Lynching Photographs. By Dora Apel and Shawn Michelle Smith. Defining Moments in American Photography. Berkeley: University of California Press, 2007. 110 pages. $50.00 (cloth). $19.95 (paper).
On the Courthouse Lawn: Confronting the Legacy of Lynching in the Twenty-First Century. By Sherrilyn A. Ifill. Boston: Beacon Press, 2007. 204 pages. $25.95 (cloth). $16.00 (paper).
Lynching and Spectacle: Witnessing Racial Violence in America, 1890-1940. By Amy Louise Wood. Chapel Hill: University of North Carolina Press, 2009. 384 pages. $39.95 (cloth).
A Spectacular Secret: Lynching in American Life and Literature. By Jacqueline Goldsby. Chicago: University of Chicago Press, 2006. 384 pages. $67.00 (cloth). $25.00 (paper).
Lynching in the West, 1850-1935. By Ken Gonzales-Day. Durham, N.C.: Duke University Press, 2006. 299 pages. $79.95 (cloth). $22.95 (paper).

The recent proliferation of scholarly and artistic treatments of lynching, represented here by a half-dozen publications from as many disciplines, emerges at a strange and bitter conjuncture in the nation's history of racialized torture and terror. On the one hand, this work extends the surge of interest aroused by a series of events, most notably the controversial exhibit in 2000 of photographs from the Allen-Littlefield collection documenting nineteenth- and early-twentieth-century lynchings in the United States. That show, quickly augmented by an interactive Web site and an art book now in its tenth edition,1 was remounted two years later at the Martin Luther King Jr. National [End Page 1063] Historic Site in Atlanta—its debut in the American South attracting further controversy locally—in conjunction with an interdisciplinary conference, Lynching and Racial Violence in America, held at Emory University, at which four of the authors reviewed here (along with the reviewer) presented work.

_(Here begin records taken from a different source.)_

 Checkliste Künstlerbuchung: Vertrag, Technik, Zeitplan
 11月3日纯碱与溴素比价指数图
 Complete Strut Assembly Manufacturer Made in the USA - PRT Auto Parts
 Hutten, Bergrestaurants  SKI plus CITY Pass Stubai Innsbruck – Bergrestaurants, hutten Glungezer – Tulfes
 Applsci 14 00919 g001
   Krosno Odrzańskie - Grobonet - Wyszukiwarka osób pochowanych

On the other hand, that discourse has since been recontextualized by—as it contextualizes—a different set of phenomena, including the global circulation of the Abu Ghraib images and the attendant national debates about torture and terror; the dramatic resurgence of hate crimes involving the noose (deployed now as symbol rather than murder instrument), from a high school in Jena, Louisiana to a faculty office at Columbia University, to a locker room with the U.S. Coast Guard, to the proliferation of such displays that many have associated with the rise of the "Tea Party"; the 2005 Senate resolution apologizing for over a century of failure to enact federal antilynching legislation; and before all this, the metaphoric slide of the term, most infamously in Supreme Court Justice Clarence Thomas's protest against what, in his Senate confirmation hearings, he called "a high-tech lynching." In 2000 Time magazine elected Billie Holiday's Strange Fruit "song of the century," as if in confirmation of W. E. B. Du Bois's pronouncement from that century's beginning, that "the problem of the Twentieth Century is the problem of the color-line."2

The spate of nooses, while freshly terrifying, seemed as weirdly anachronistic as the Senate apology was insultingly belated. Like the other recent phenomena, its meanings depended upon a certain, peculiar relation to time—and memory and forgetting—and also to representation. And this is fitting, for, as the books reviewed here collectively suggest, time and representation are central to the meanings of lynching per se, insofar as that "se" extends beyond itself both temporally and representationally: as Toni Morrison has put it, lynching is "the metaphor of itself "; if it cannot be metaphorized, this is because metaphor is already an immanent part of its form.3

Jonathan Markovitz's Legacies of Lynching: Racial Violence and Memory confronts this interplay of temporality and representation head-on by identifying lynching as having always been, in addition to a material practice, an intentional and contested metaphor for U.S. race relations (which is to say, for racism), and then tracing its deployment as such in collective memory and cultural representation. The legacies of lynching, for Markovitz, permeate our collective cultural understanding, inflecting the ongoing processes of racial formation...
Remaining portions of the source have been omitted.